The Arizona-based company resumed copper concentrate exports from Grasberg, the world’s second-biggest copper mine, in April after a 15-week outage related to a government dispute over mining rights. Freeport had planned to ramp up production, which was cut by around two-thirds during the outage.
Freeport shares gained 2.9 percent to $12.06 on Thursday.
Jakarta halted Freeport’s copper concentrate exports in January, under new rules that require miners to adopt a special license, pay new taxes and royalties, divest a 51 percent stake in their operations and relinquish arbitration rights.
Freeport, whose current contract runs until 2021 with two 10-year extensions, will only agree to a license accompanied by an investment stability agreement that replicates current legal and fiscal certainty, Quirk said.
“We think we’re on a path to be able to get that resolved during this year and that’s our top priority,” Quirk said via webcast from a Deutsche Bank conference.
Without the agreement, Freeport is unlikely to continue investing in the country, she said, noting the company has already spent $3 billion on a project to transitions Grasberg to underground from open pit mining.
Production from the project, about half complete, is targeted for 2018 or 2019, she said.
The government will meet Freeport next Wednesday for further talks and negotiations could be concluded by October 2017, Teguh Pamuji, secretary general at Indonesia’s energy and mining ministry told reporters on Friday.
“The important thing is the substance, which will cover regulations and documents that will make them comfortable and give security for them to operate in Indonesia,” he said.
Meantime, Freeport is grappling with labor problems.
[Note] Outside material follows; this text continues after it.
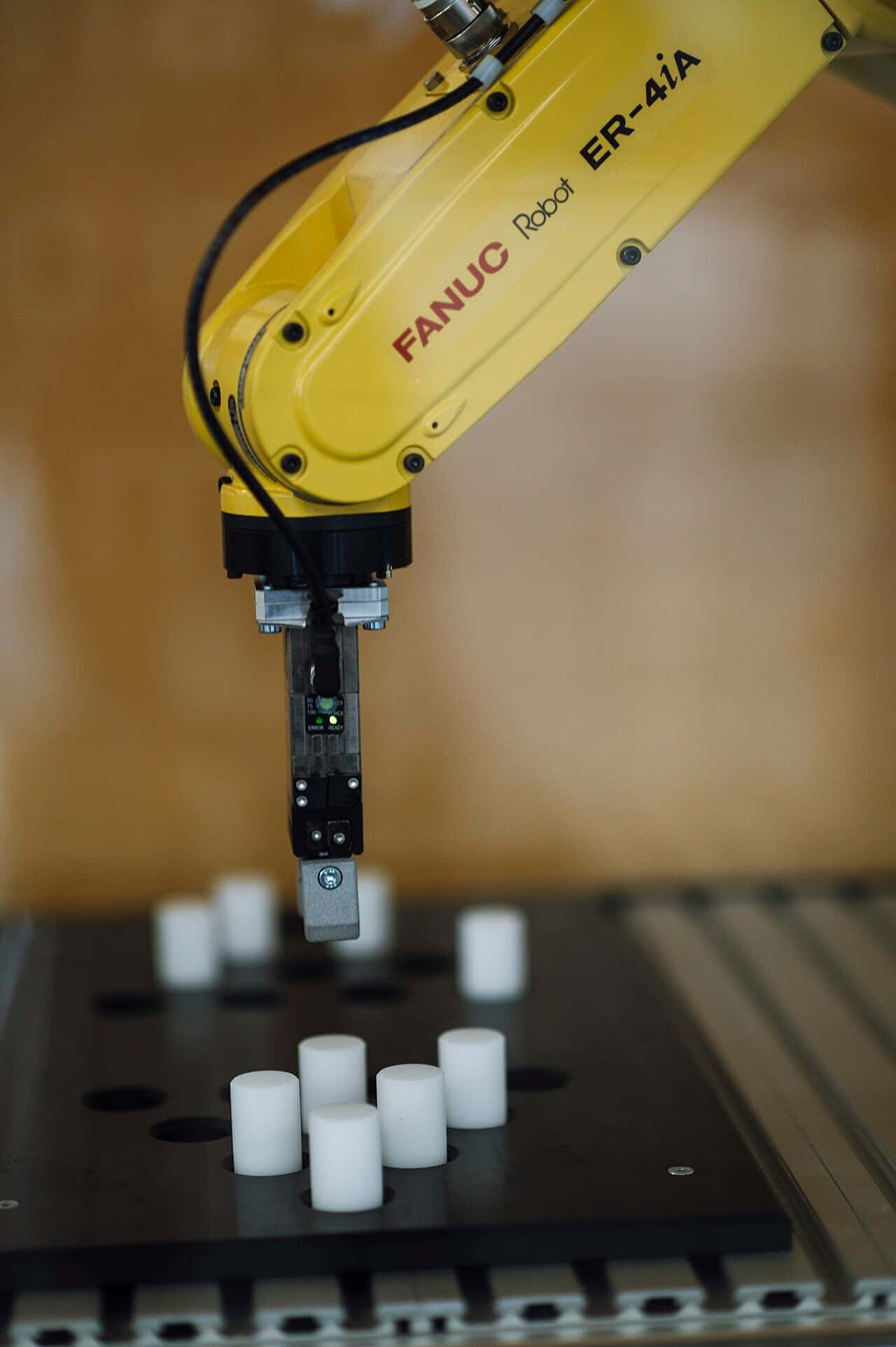 Industrial robot arm on a factory line - AI-driven automation in manufacturing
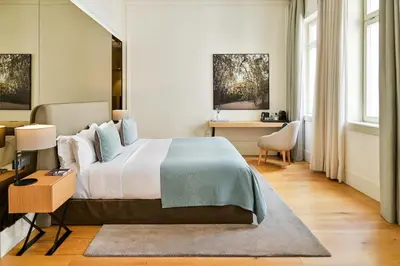 a bedroom with a large bed and a desk at BoHo Prague Hotel - Small Luxury Hotels in Prague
Its contractor-dominated workforce in Indonesia has been reduced to approximately 26,000 workers currently from about 33,000 at the start of 2017.
Following the export restrictions, Freeport furloughed some 3,000 workers in the first quarter, Quirk said, sparking a strike and high levels of absenteeism. Freeport later deemed that approximately 3,000 full-time employees and 1,000 contractors had resigned, Quirk said.
Quirk said Freeport is training additional workers and “offering opportunities for those workers that are deemed to have resigned to be able to apply for open positions through contractor companies.”
While the union said its strike would extend into June, Freeport has not seen additional absenteeism that would cause it to assume the workers had resigned, she added.
The union, which began a 30-day strike on May 1, said on May 20 that it would extend the strike for a second month.